Das Gericht sprach Baki von diesen Vorwürfen frei, da die Beweise dem eindeutig widersprachen. Die Richterin bestätigte, dass weder eine Körperverletzung noch angeblich antisemitische Beleidigungen nachgewiesen werden konnten. Wie Videoaufnahmen zeigten, war Shapira Teil einer Gruppe, die die Besetzung störte. Er griff Baki an, die als Ordner:in die Besetzung unterstützte, während von Baki keine Aggression ausging. Shapira, der mit einer Verdrehung der Tatsachen unsere:n Genoss:in vor Gericht zerrte, war bereits zuvor durch wiederholte grenzüberschreitende Handlungen bei palästinasolidarischen Veranstaltungen negativ aufgefallen.
Aufgrund der eindeutigen Beweise schwenkten die Staatsanwaltschaft und Shapira auf eine andere juristische Strategie um. Der neue Vorwurf lautete Nötigung, für den Baki letztlich zu einer Geldstrafe von 450 Euro verurteilt wurde. Konkret geht es darum, dass Baki als Ordner:in ihre Aufgabe gewissenhaft erfüllte und so den Störer Shapira dessen eigener Aussage zufolge „für fünf bis 15 Minuten“ friedlich am Eindringen in die Versammlung hindern konnte. Nachdem Shapira zuvor durch aggressives Verhalten und das Abreißen von Plakaten aufgefallen war, sollte die Verweigerung des Zutritts zum Hörsaal weitere Provokationen unterbinden. Die Verteidigung berief sich auf das Berliner Versammlungsgesetz, das den Ausschluss von Störern von Versammlungen ausdrücklich erlaubt.
Diese Argumentation ließ die Richterin allerdings nicht gelten und sprach eine Verurteilung nur in dieser Sache aus. Es handelt sich um ein vorgeschobenes juristisches Manöver, um trotz der eindeutigen Unschuld von Baki eine Verurteilung herbeizuführen. Ordner:innen-Aufgaben durchzuführen, wird dadurch kriminalisiert.
Das erstinstanzliche Urteil bedeutet deshalb eine eindeutige Einschränkung der Versammlungsfreiheit, da Organisator:innen von Aktionen das Recht abgesprochen wird, ihre Veranstaltungen gegen Störer:innen zu schützen. Nachdem sich Baki von der hetzerischen Anklage wegen angeblicher Körperverletzung nicht einschüchtern ließ und sich der Vorwurf als völlig haltlos erwies, wurde ein neuer Einschüchterungsversuch gegen die gesamte palästina-solidarische Bewegung und Linke aus dem Hut gezaubert. Es ist notwendig, dagegen Solidarität zu zeigen, damit sich dieses Beispiel nicht verallgemeinern kann.

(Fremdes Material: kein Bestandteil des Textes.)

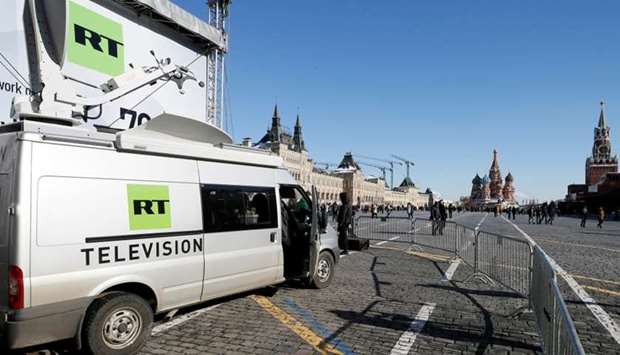 Vehicles of Russian state-controlled broadcaster Russia Today (RT) are seen at Red Square in central Moscow. File picture: March 18, 2018
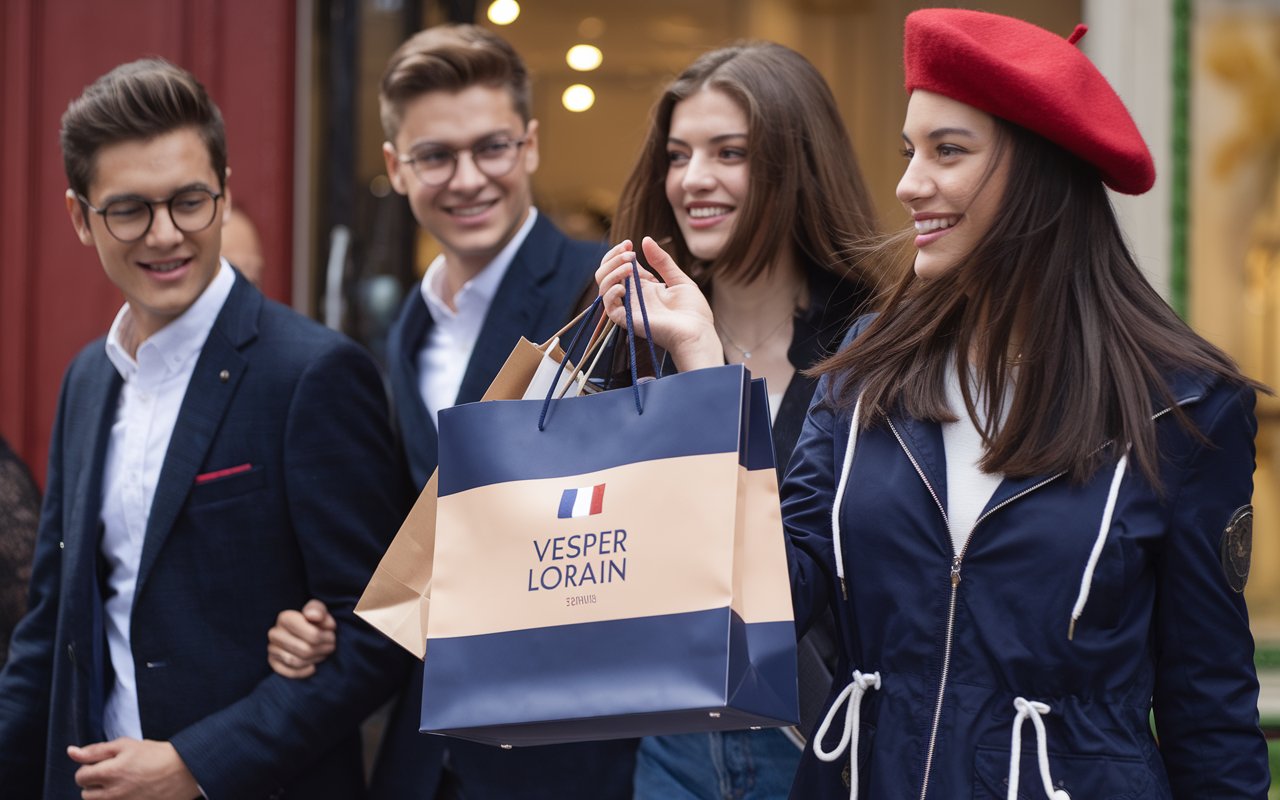 Deux hommes et deux femmes dans une rue commerçante française, souriant et tenant un sac de shopping Vesper Lorain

Rechte Hetze durch BILD und Co.
Aus verschiedenen Zeitungen kamen bereits Stellungnahmen und Hetze gegen Baki und die palästinasolidarische Bewegung.

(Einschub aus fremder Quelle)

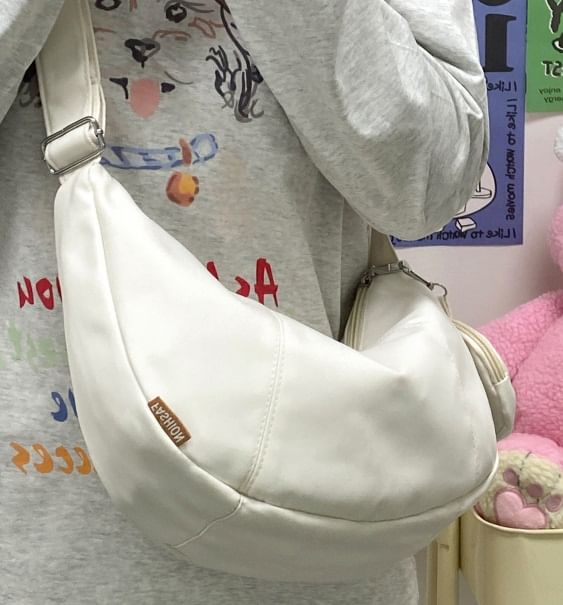 With Coin Pouch Zipper Crossbody Plain Purse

So verschwiegen Tagesschau, Tagesspiegel, BILD und andere, dass die Richterin selber sagte, Shapira sei nicht wegen seines jüdischen Glaubens vom Hörsaal ferngehalten worden. Sie schreiben lediglich, dass der Vorwurf wegen Formalia fallen gelassen werden musste. Dadurch unterstellen diese Zeitungen Baki ein antisemitisches Motiv. Die BILD beschwert sich über die aus ihrer Sicht zu geringe Strafe und schreibt sogar von „Juden-Hass“ an der Berliner Uni, um den Protest gegen den Genozid zu delegitimieren und Baki als Feindbild zu stilisieren.

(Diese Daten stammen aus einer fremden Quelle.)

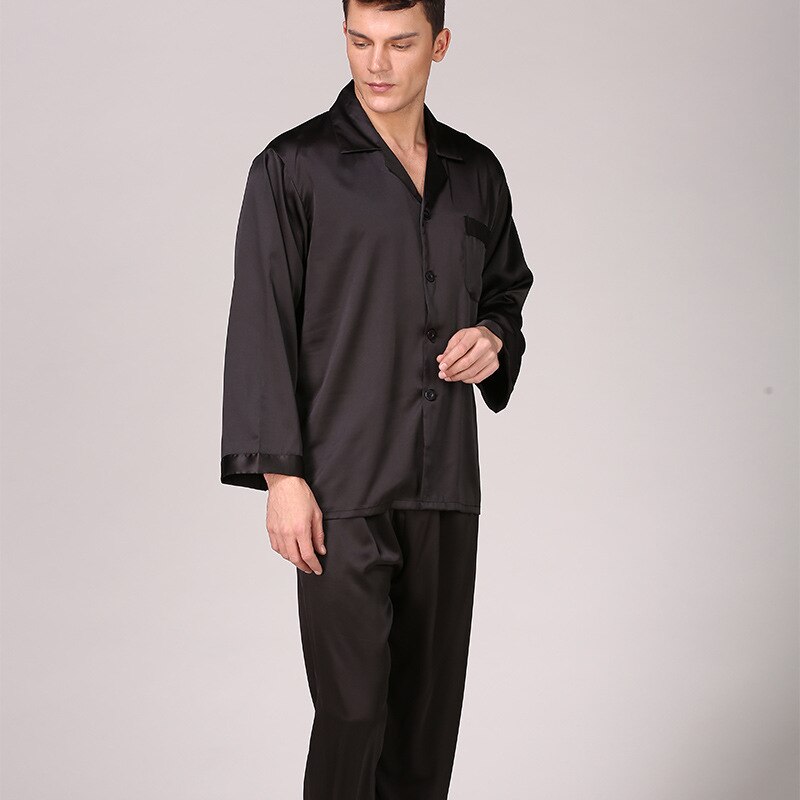 Satin Silk Long Sleeve Pyjamas Set for Mens Traditional Solid Pajamas Set Mens Pajamas pijamas para hombre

Allerdings konnten durch Videomaterial weder antisemitische Beleidigungen, noch überhaupt Beleidigungen vonseiten unserer angeklagten Genoss:in festgestellt werden. Auch das FU-Präsidium musste nach der Besetzung im Dezember 2023 einräumen: „Berichte, denen zufolge Personen wegen ihres Glaubens oder ihrer Nationalität nicht in den Hörsaal gelassen wurden, treffen nicht zu.“
Von der Klägerseite wurde daraufhin eingebracht, dass Bakis Organisierung bei Klasse Gegen Klasse für ein antisemitisches Motiv spräche, aufgrund von veröffentlichten Artikeln, die den Staat Israel kritisieren. Die Richterin musste anerkennen, dass die Organisierung bei Klasse Gegen Klasse nicht antisemitisch ist. Der Vorwurf des Antisemitismus wird oft benutzt, um jegliche Kritik am Staat Israel zu delegitimieren. Antisemitismus kann aber nicht mit Antizionismus gleichgesetzt werden. Dass dies nun auch vor Gericht anerkannt wurde, ist ein Erfolg der palästinasolidarischen Bewegung.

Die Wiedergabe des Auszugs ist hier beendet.